● Input for this task
+ + + +
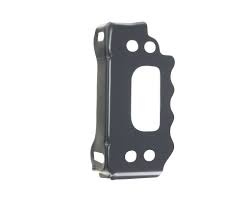 Suport radiator dreapta Toyota Prius 09/12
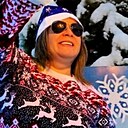 Знакомства: Александра, 30 лет, Ржев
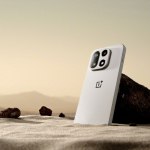 OnePlus 15 header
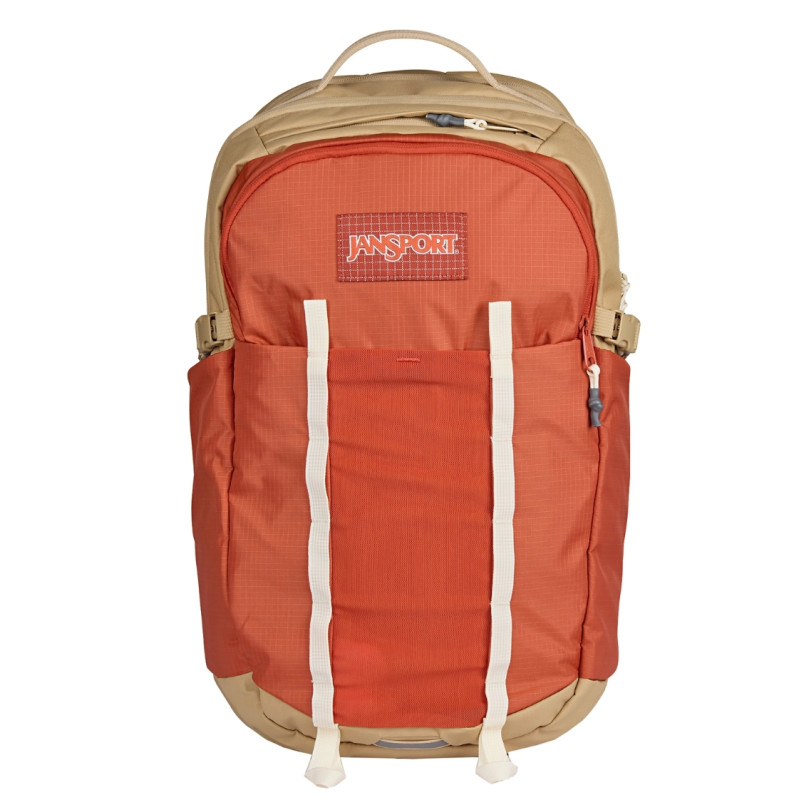 JANSPORT seljakott All Around Pack 28L (1)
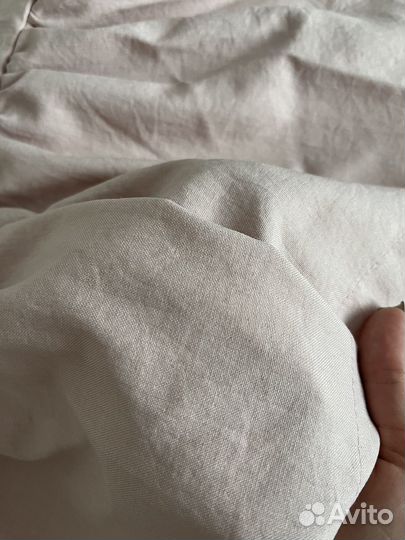 Платье женское вечернее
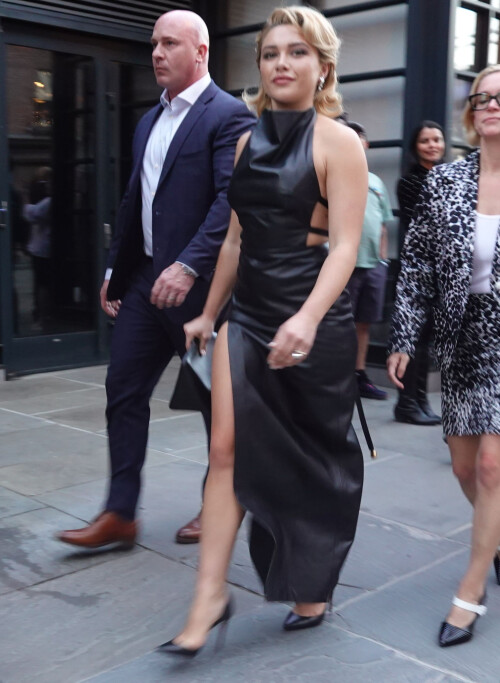 florence 564c1d88a9269d2459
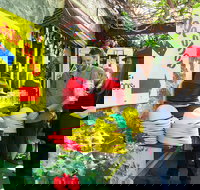 Ultimate Adelaide City and Hahndorf Tour - Accommodation in Surfers Paradise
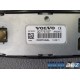 Antena  VOLVO S60 V60 XC60 30775157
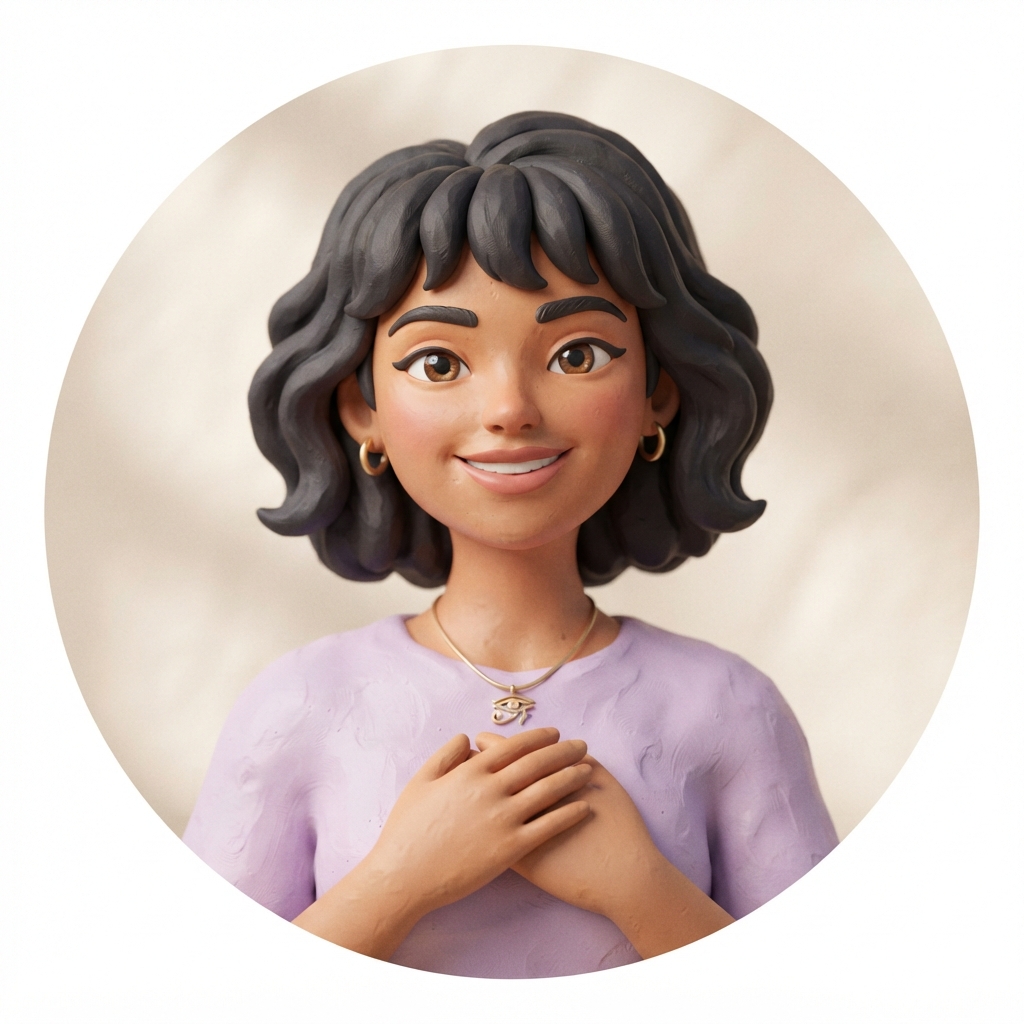 Sara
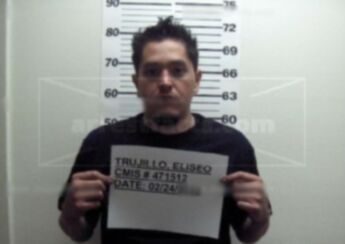 Richard Alonzo Alvarado-Nunez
+ + + +
● What the exercise asks
Quote every record above exactly, leaving out the pictures.

● Result of the exercise
 Suport radiator dreapta Toyota Prius 09/12
 Знакомства: Александра, 30 лет, Ржев
 OnePlus 15 header
 JANSPORT seljakott All Around Pack 28L (1)
 Платье женское вечернее
 florence 564c1d88a9269d2459
 Ultimate Adelaide City and Hahndorf Tour - Accommodation in Surfers Paradise
 Antena  VOLVO S60 V60 XC60 30775157
 Sara
 Richard Alonzo Alvarado-Nunez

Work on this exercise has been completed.